Senin, 22 April 2019


Pokdakan Manfaatkan Bale Kusuka untuk Tukar Informasi

29 Jan 2019, 13:12 WIBEditor : Gesha

Bale Kusuka yang dibangun di 19 Kabupaten Kota di Indonesia ini menjadi balai penyuluhan perikanan budidaya | Sumber Foto:HUMAS DJPB

 

TABLOIDSINARTANI.COM, Jakarta --- Bale Pelaku Usaha Kelautan dan Perikanan (Bale Kusuka) yang didirikan Kementerian Kelautan dan Perikanan (KKP) melalui Direktorat Jenderal Perikanan Budidaya pada tahun 2018 lalu, saat sudah banyak dimanfaatkan sejumlah kelompok pembudidaya ikan (Pokdakan) untuk mendiskusikan sekitar kegiatan usahanya.

Seperti yang diungkapkan Ketua Kelompok Mina Wijaya Desa Geneng, Kec. Gatak, Kabupaten Sukoharjo, Suwanto. Dengan adanya bale Kusuka yang di bangun di daerahnya sangat membantu kelompok, khususnya bagi akses ketersediaan sarana dan prasarana diskusi yang nyaman.  

“Sebelum adanya bale Kusuka, kami melakukan musyawarah atau pertemuan di rumah salah satu anggota atau menumpang di bale desa. Bahkan kadang di pinggir sawah dan kepanasan yang mengganggu konsentrasi. Dengan adanya bale Kusuka, kami bisa mengadakan pertemuan di sini,” kata Suwanto.

Ia juga mengatakan, anggota kelompok pembudidaya ikan (Pokdakan) juga merasa senang dan antusias untuk melakukan kegiatan di bale Kusuka. Apalagi, bale Kusuka dilengkapi dengan media informasi seperti TV.

“Bale Kusuka ini jadi rumah kedua kami untuk berinteraksi dan menyalurkan ide/gagasan untuk kemajuan usaha budidaya,” pungkas Suwanto. 

Tak hanya di Kabupaten Sukoharjo, Bale Kusuka juga sudah dibangun dan tersebar di 19 Kabupaten/Kota sentra perikanan budidaya.
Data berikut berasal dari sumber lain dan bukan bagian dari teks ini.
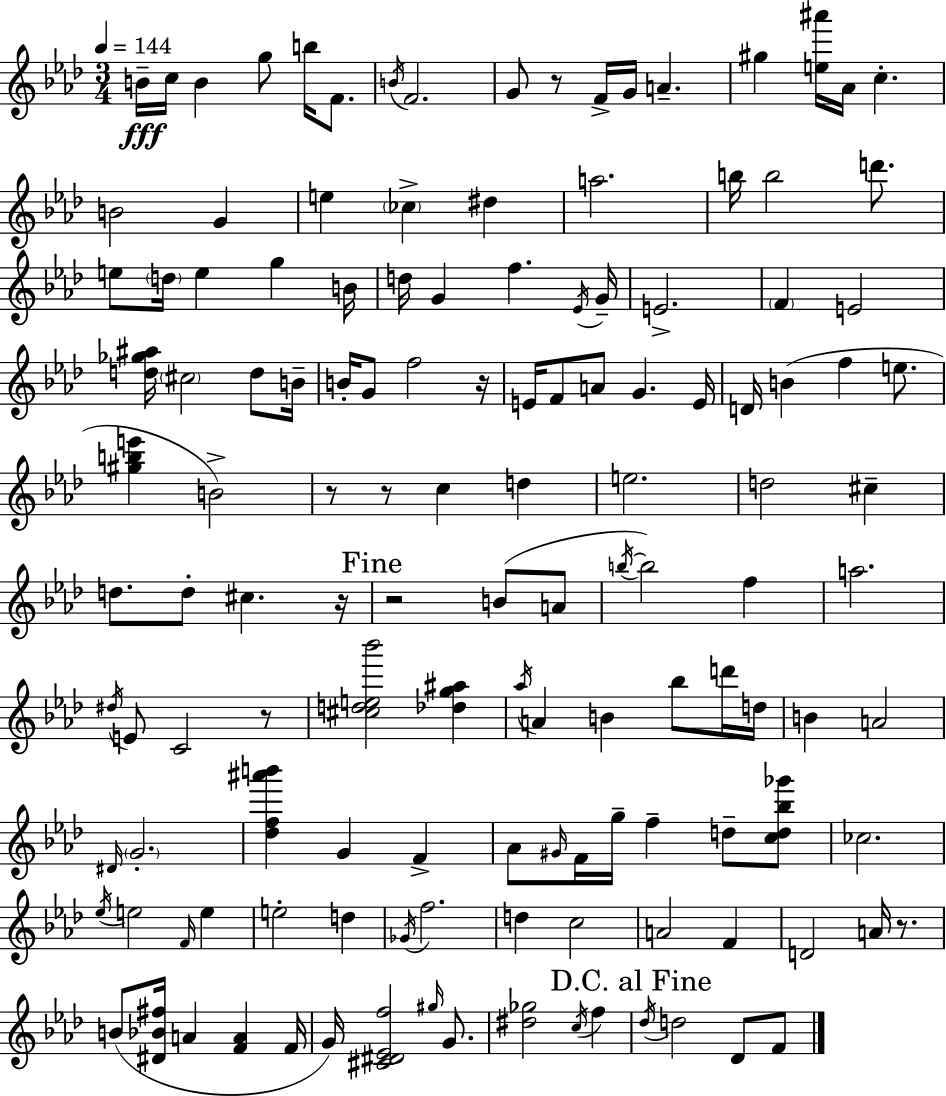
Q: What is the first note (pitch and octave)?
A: B4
Mulai dari Kabupaten Agam, Pasaman, Banyuasin, Kota Prabumulih, Kampar, Kuantan Singingi, Muaro Jambi, Pangandaran, Indramayu, Pati, Kendal, Sukoharjo, Boyolali, Kulon Progo, Sleman, Lombok Tengah, Lombok Timur, Sambas, hingga Parigi Moutong.

“Bale Kusuka yang kami bangun ini sebagai sarana untuk diskusi dan tukar-menukar informasi terkait perkembangan perikanan budidaya mulai dari info teknologi, pasar, dan lainnya,” kata Direktur Jenderal Perikanan Budidaya Slamet Soebjakto, di Jakarta (25/1).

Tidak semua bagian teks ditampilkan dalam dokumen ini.